Not all of those teams will follow through on their plans, but Tibbitts says his team is on track to file its design documents by the Feb. 6 deadline.
“Beyond that, we’re going to try to get a full-size flying machine assembled by the early June time frame, so that we can begin flight testing,” he said.
The GoFly competition reaches its climax in October, when Phase 3 finalists will put their vehicles into the air for a fly-off in October. Four prizes will be offered in that contest: $250,000 for the quietest compliant device, $250,000 for the smallest compliant device, $100,000 for a special Pratt & Whitney Disruptor Award, and the $1 million grand prize.
But for Team Zeva, the biggest prize would be having the chance to commercialize their flying saucer.
“We have a couple of plans and ideas in place,” Tibbitts said. “One idea is to push into the first-responder market. You can imagine being able to have first aid flying over the traffic.”
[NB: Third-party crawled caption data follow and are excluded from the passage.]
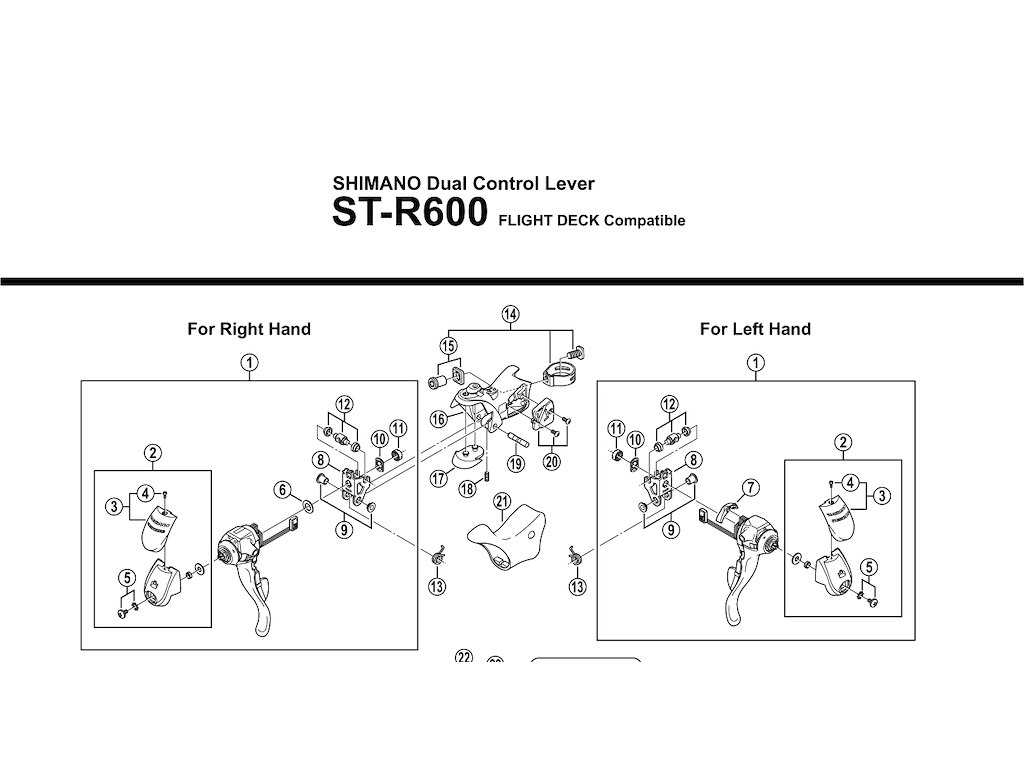 Shimano dæksel enhed til venstre skiftegreb model ST-R600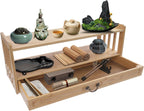 Meditation Table, 3-Tier Bamboo Altar Floor Tables for Spiritual, Puja Table with Drawer for Prayers, Worship or Bamboo Furniture for Displaying Plants and Books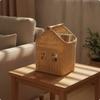 House-Shaped Basket Decorative Wicker Basket with Handle Rustic Stylish for Children, Tabletop, Bookshelf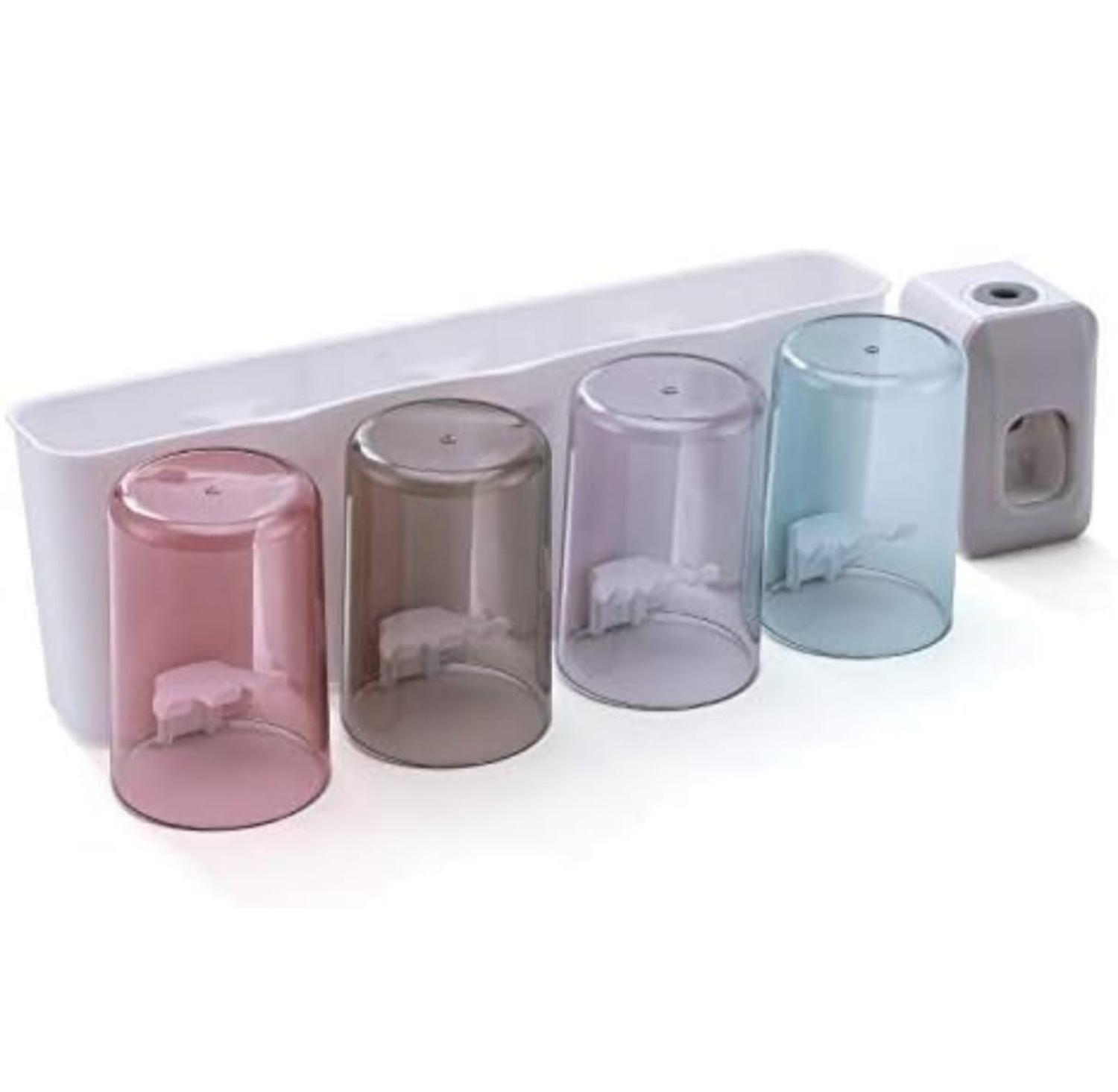 Dispensador Pasta Dental Y Porta Cepillos De Dientes-2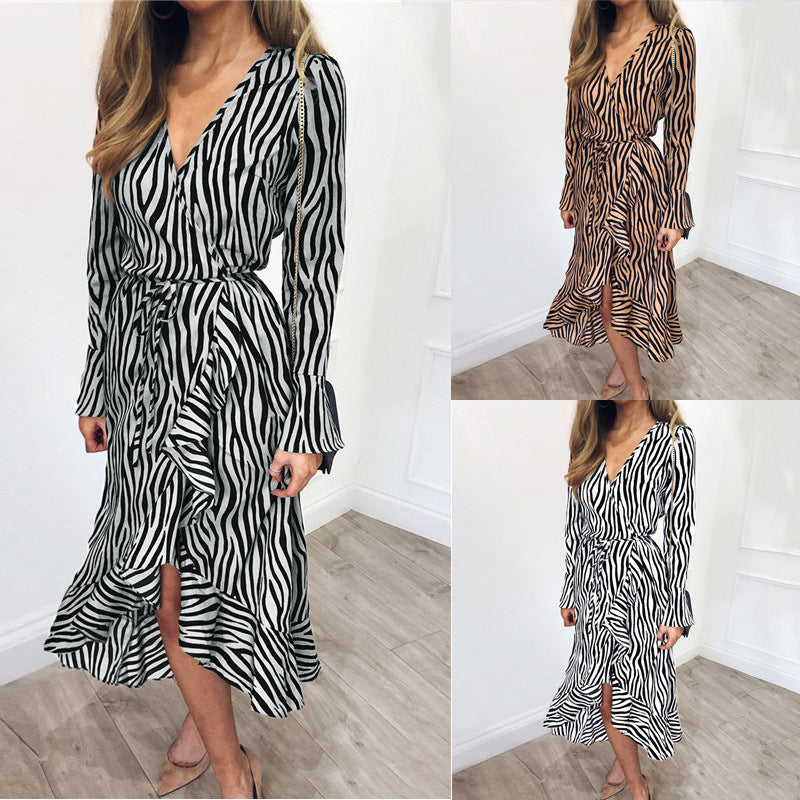 Europe and the United States sexy V-neck chiffon print long-sleeved high waist ladies dress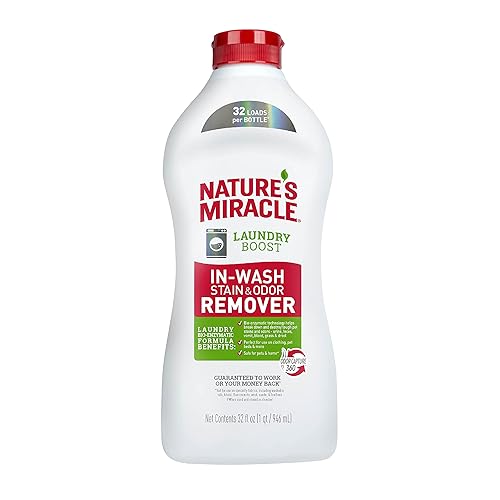 Nature’s Miracle Laundry Boost In-Wash Stain and Odor Remover, Laundry Stain and Odor Removing Additive For All Machines, Spray, 32 oz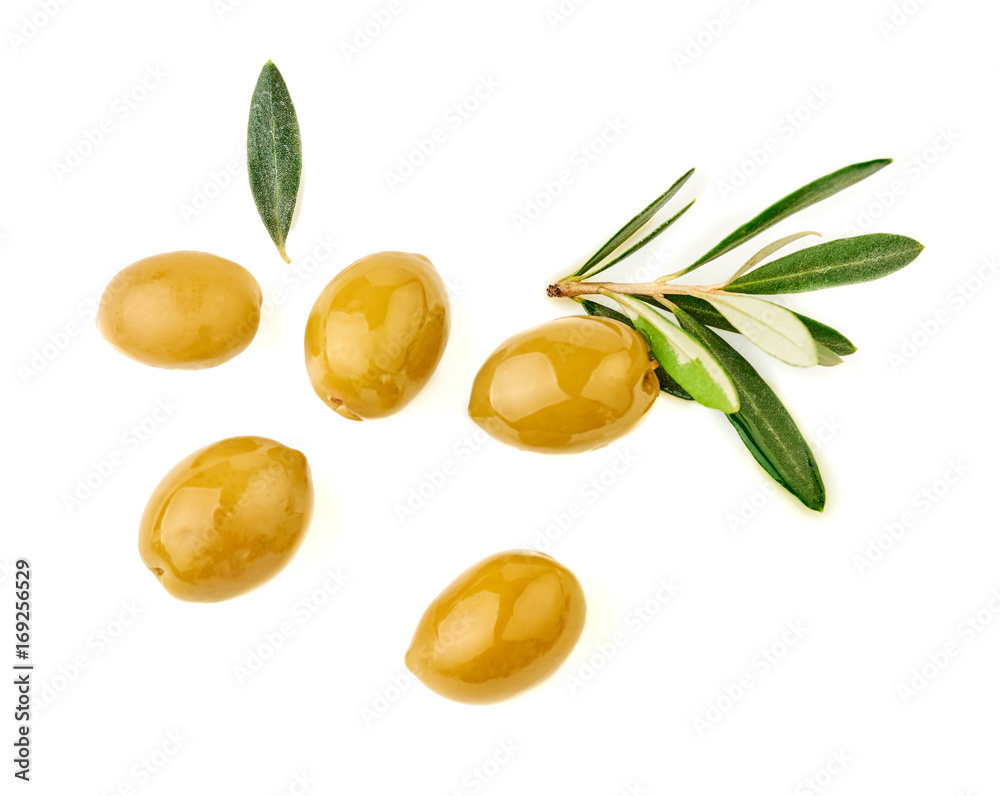 Olives with branch of olive tree on white background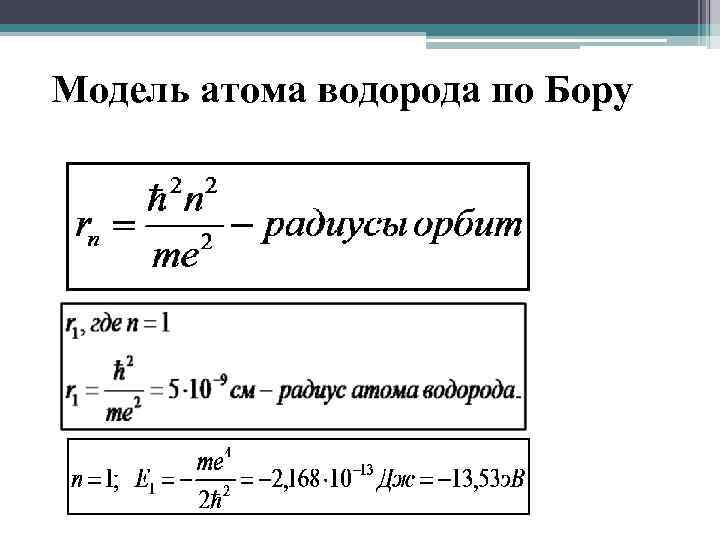 Модель атома водорода по Бору 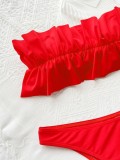 Women Red Ruffle-Strap Strapless Solid Cascading Ruffle Two Piece Swimwear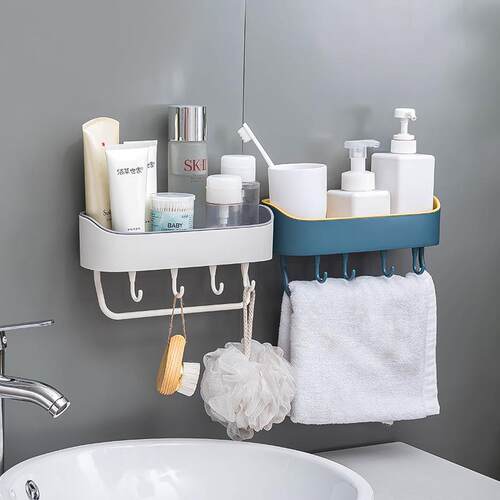 Dual-color four-hook wall-mounted bathroom shelf, suction ty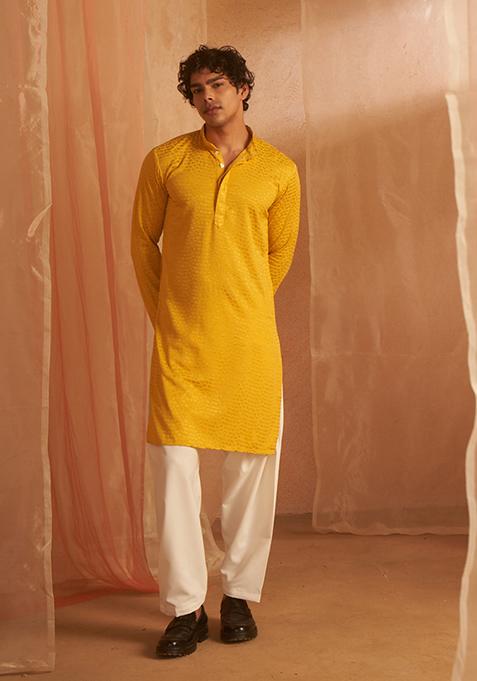 Yellow Embroidered Viscose Kurta For Men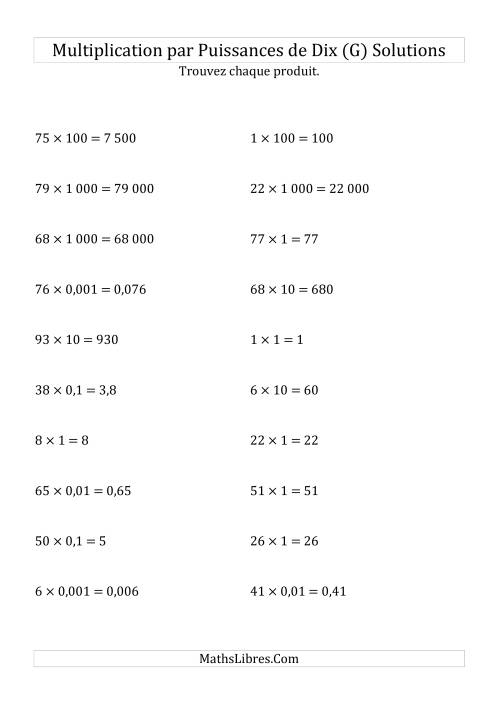 Multiplication de nombres entiers par puissances de dix (forme standard) (G) page 2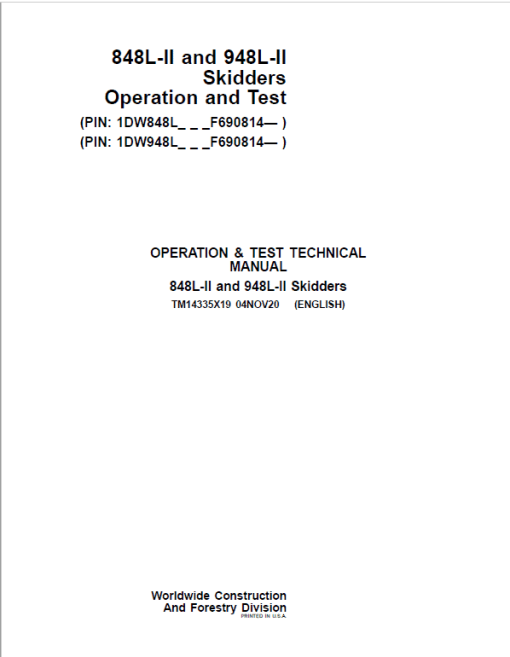 John Deere 848L-II, 948L-II Skidder Repair Technical Manual (S.N F690814 - ) - Image 2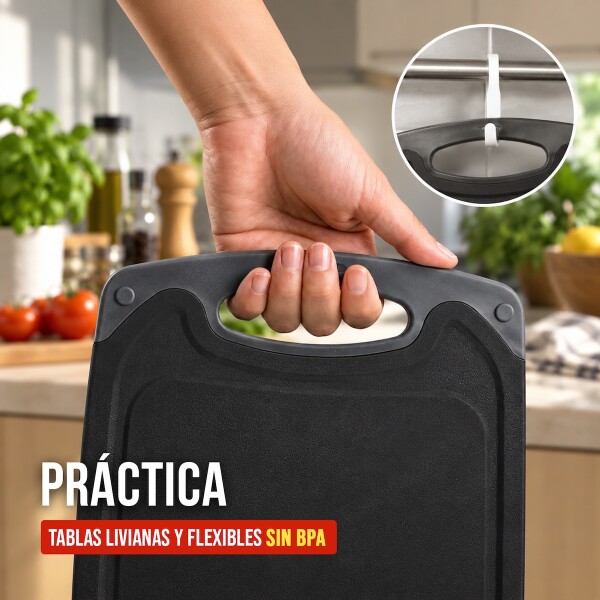 Tabla Para Picar Y Cortar Set de 3 Unidades para Cocina Antidelizante IMBACK Color Negro Tabla Para Picar Y Cortar Set de 3 Unidades para Cocina Antidelizante IMBACK Color Negro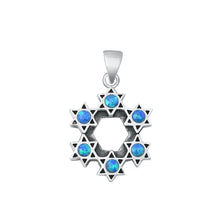 Load image into Gallery viewer, Sterling Silver Oxidized Blue Lab Opal Pendant-22.2mm
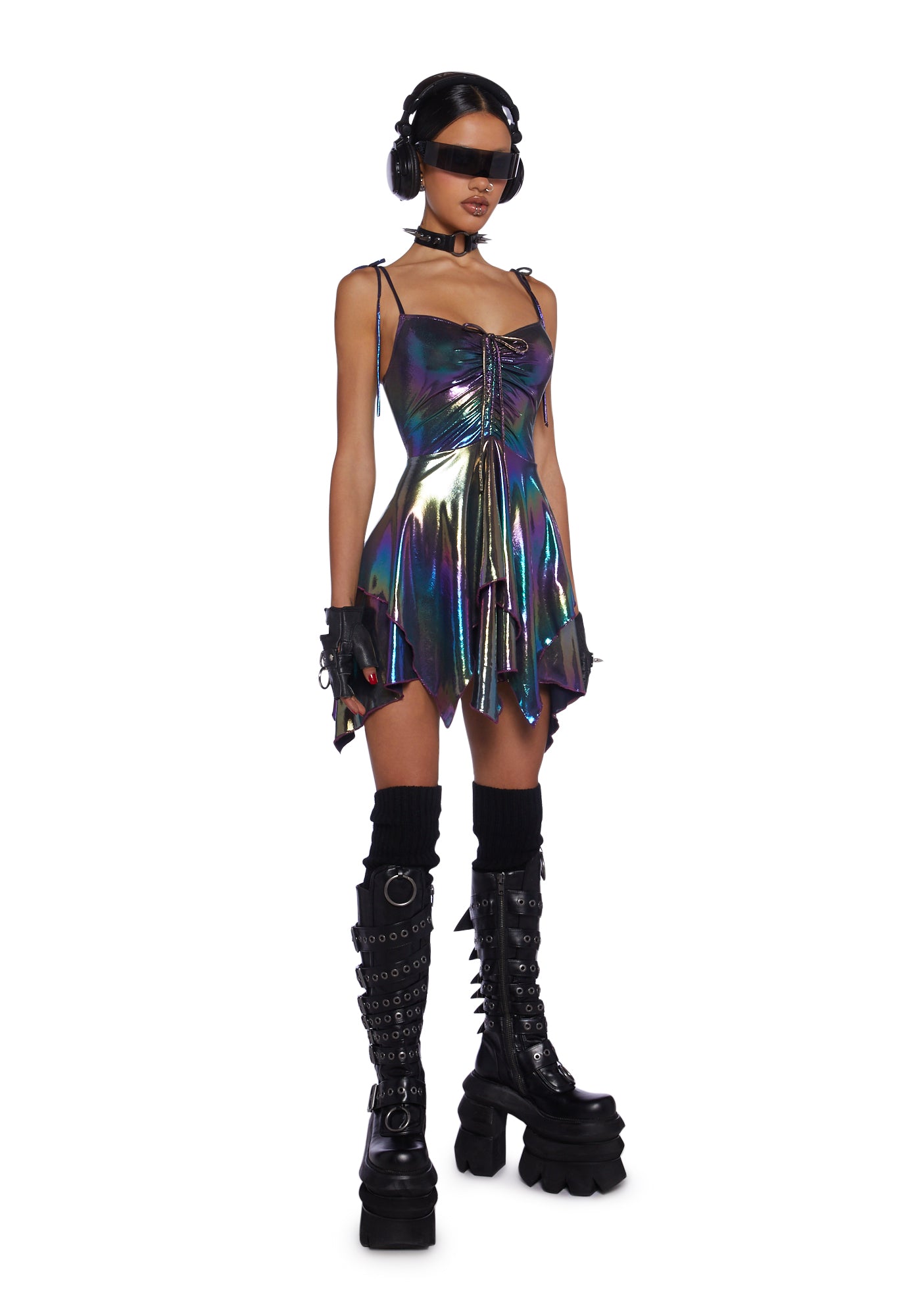 Alternative view of F Is For Fairies Handkerchief Dress - Holo Metallic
Tibbitts also thinks the Zero would be attractive for security applications, or for thrill-seeking aviation enthusiasts. “We anticipate flying under experimental-aircraft rules, which means we can’t fly over populated areas as a private citizen,” he said.
Despite the limitations, Tibbitts can imagine lots of scenarios where having an autonomous, electric-powered flying saucer would come in handy. For example, a backcountry skier could fly the Zero up to the top of a mountain, program the saucer to fly itself back down to the bottom, and then just take off down the slope.
Tibbitts estimates that the Zero might sell in the neighborhood of $140,000, “like a really high-end sports car.”
Will Team Zeva and the Zero get off the ground? The next few months should tell the tale. But whether or not the Zero takes the grand prize, Tibbitts says he’s loving his flying-saucer trip.
“It’s by far the most audacious — and also the most fun,” he said. “You know what? A lot of people have a hard time believing it, and seeing it, but it’s going to happen, whether Zeva is part of the picture or not. We’ve talked for 60 years about flying cars and ‘The Jetsons’ and all that, but it’s real this time. It’s really happening. It’s going to happen a lot faster than most people are predicting. So it’s a very exciting time.”